(Excerpts from a dataset)
=== Section Start ===
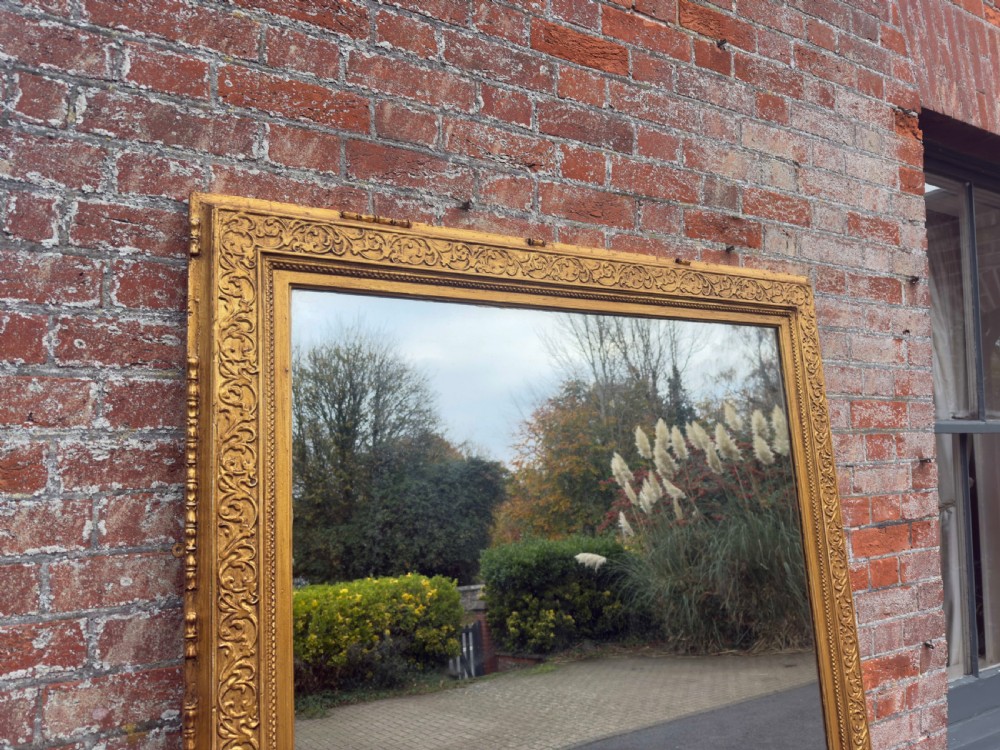 A large rectangular 19th-century English giltwood wall mirror featuring an ornate carved gesso frame with foliate moulding and a gold leaf finish. View V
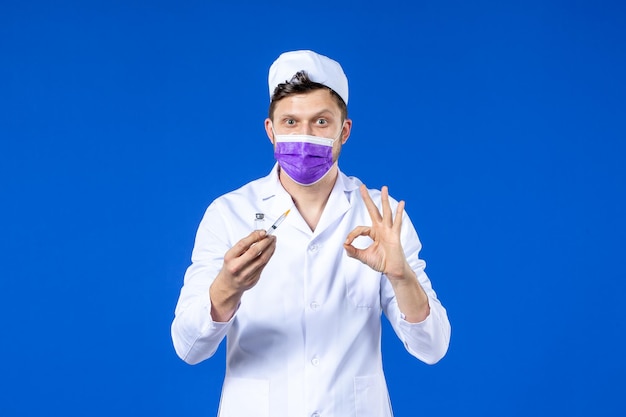 Free photo front view of male doctor in medical suit and mask with injection and vaccine on blue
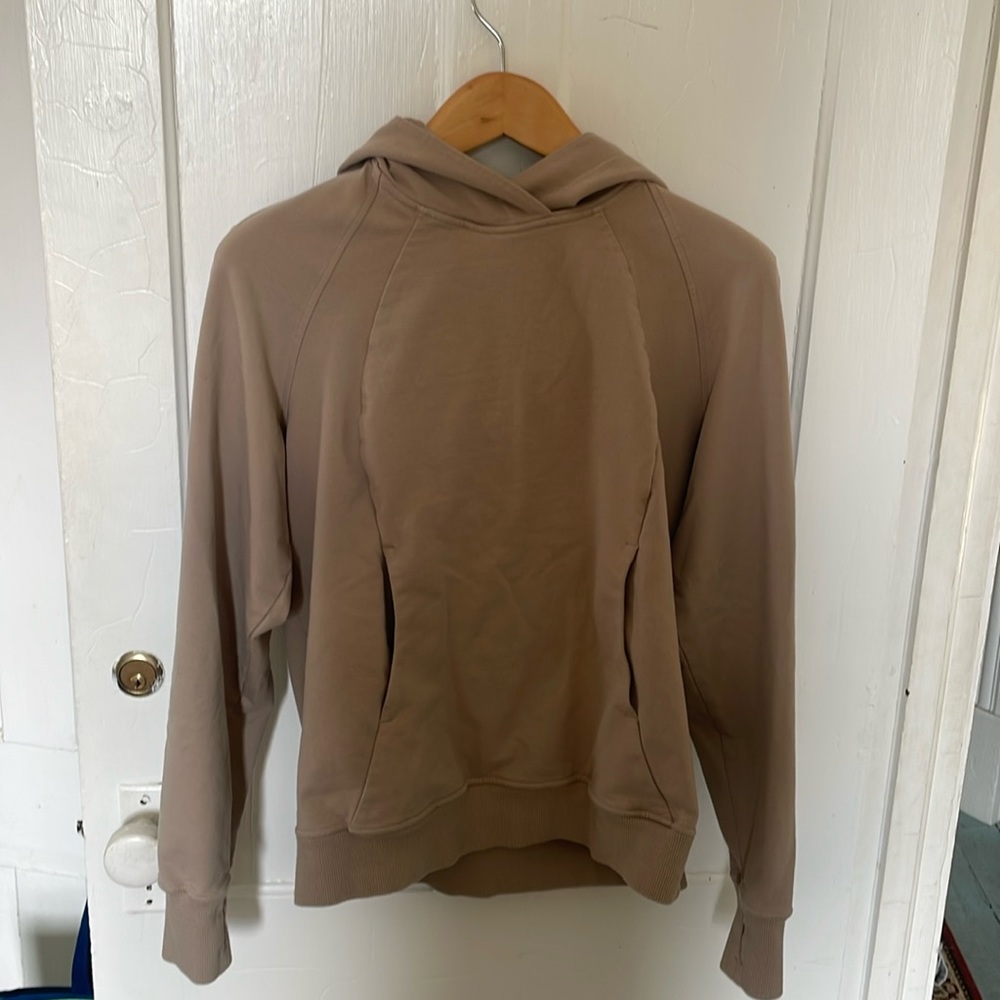 Lululemon pullover hoodie in a putty/tan color, kangaroo pocket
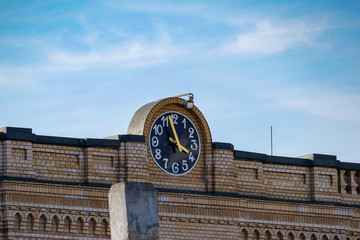 old street clock with arabic numbers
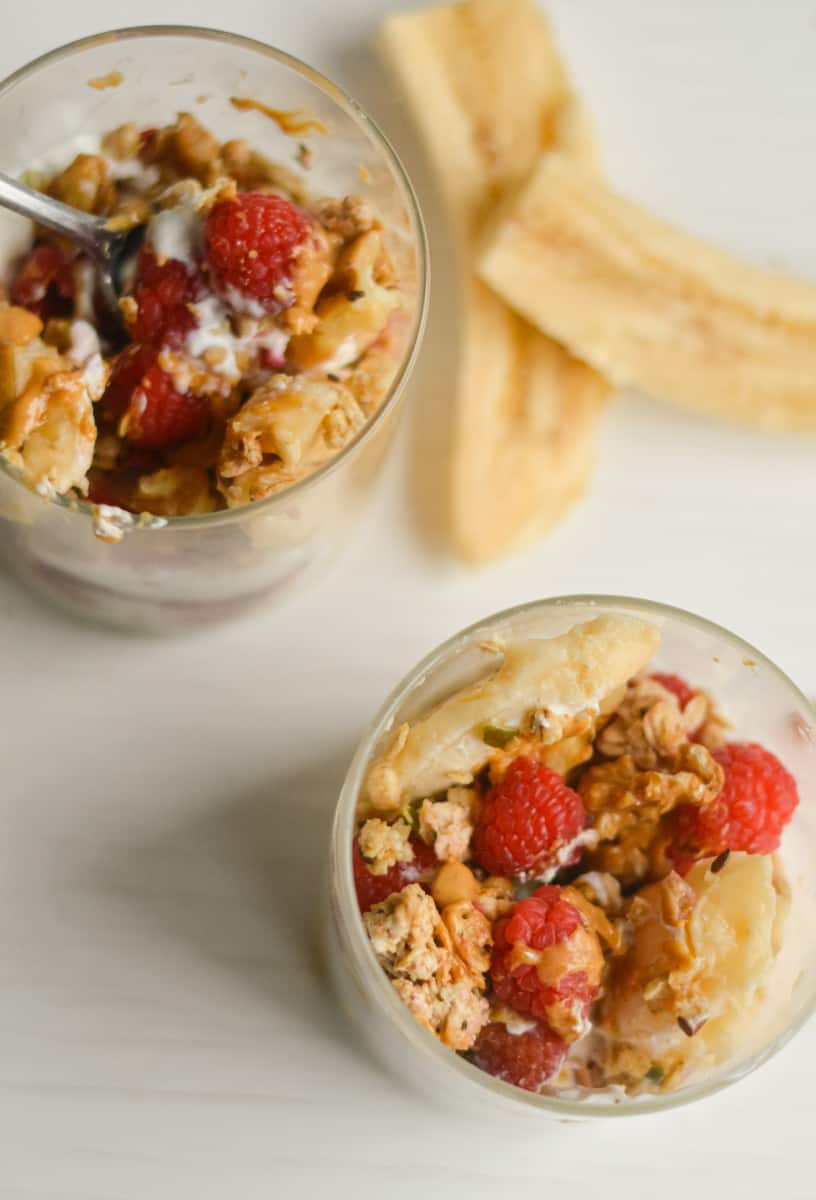 Birds eye view of Greek yogurt and granola banana split parfaits.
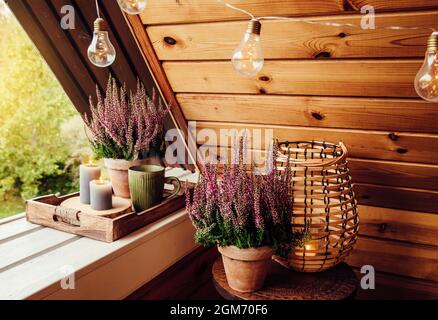 Kleiner natürlicher Holzbalkon mit Heideblumen, Kerzenlicht-Flamme und dampfender Tasse Tee. Niedliche Herbst Hygge Home Dekor arrangem Stockfoto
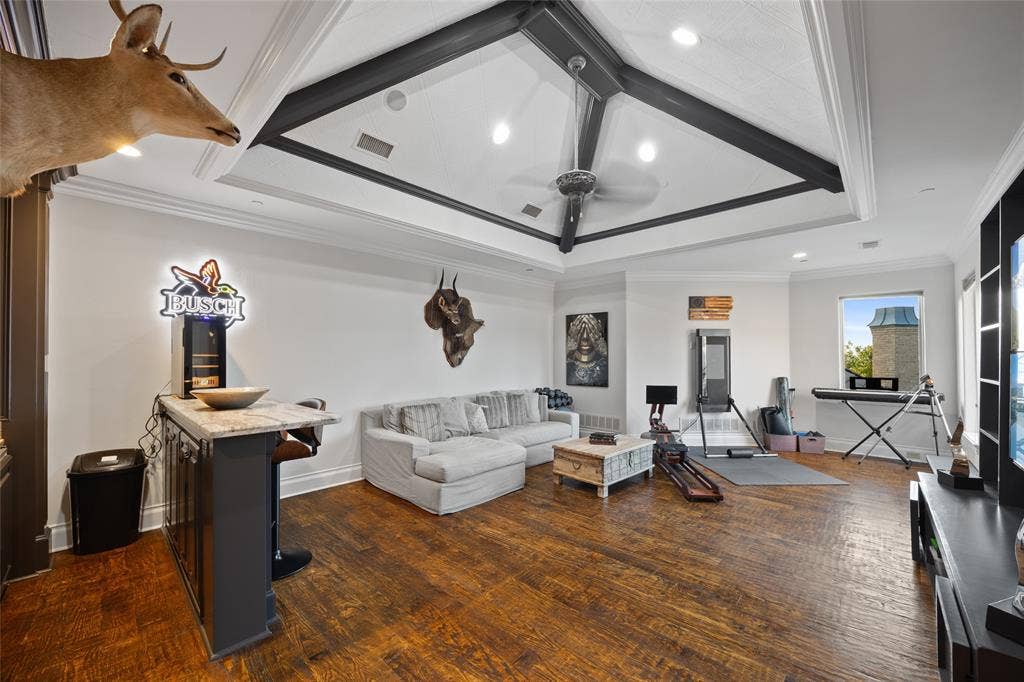 6300 Caroline Drive, Frisco, TX 75034 Spacious room featuring wood-finish flooring, a built-in wet bar with a stone countertop, a tray ceiling with exposed beams, and a ceiling fan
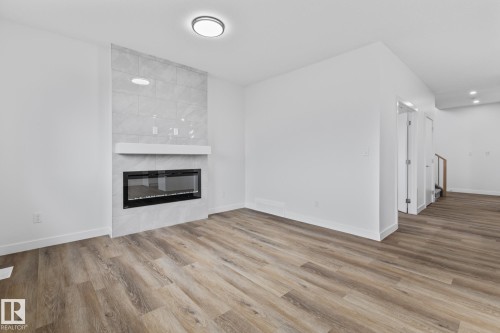 68 Waverly Way, Fort Saskatchewan, AB - Indoor Photo Showing Living Room With Fireplace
=== Section End ===
PROBLEM DESCRIPTION: Your task is an exact transcription of all the data, minus the pictures.

OUTPUT OF THE EXERCISE:
 A large rectangular 19th-century English giltwood wall mirror featuring an ornate carved gesso frame with foliate moulding and a gold leaf finish. View V
 Free photo front view of male doctor in medical suit and mask with injection and vaccine on blue
 Lululemon pullover hoodie in a putty/tan color, kangaroo pocket
 old street clock with arabic numbers
 Birds eye view of Greek yogurt and granola banana split parfaits.
 Kleiner natürlicher Holzbalkon mit Heideblumen, Kerzenlicht-Flamme und dampfender Tasse Tee. Niedliche Herbst Hygge Home Dekor arrangem Stockfoto
 6300 Caroline Drive, Frisco, TX 75034 Spacious room featuring wood-finish flooring, a built-in wet bar with a stone countertop, a tray ceiling with exposed beams, and a ceiling fan
 68 Waverly Way, Fort Saskatchewan, AB - Indoor Photo Showing Living Room With Fireplace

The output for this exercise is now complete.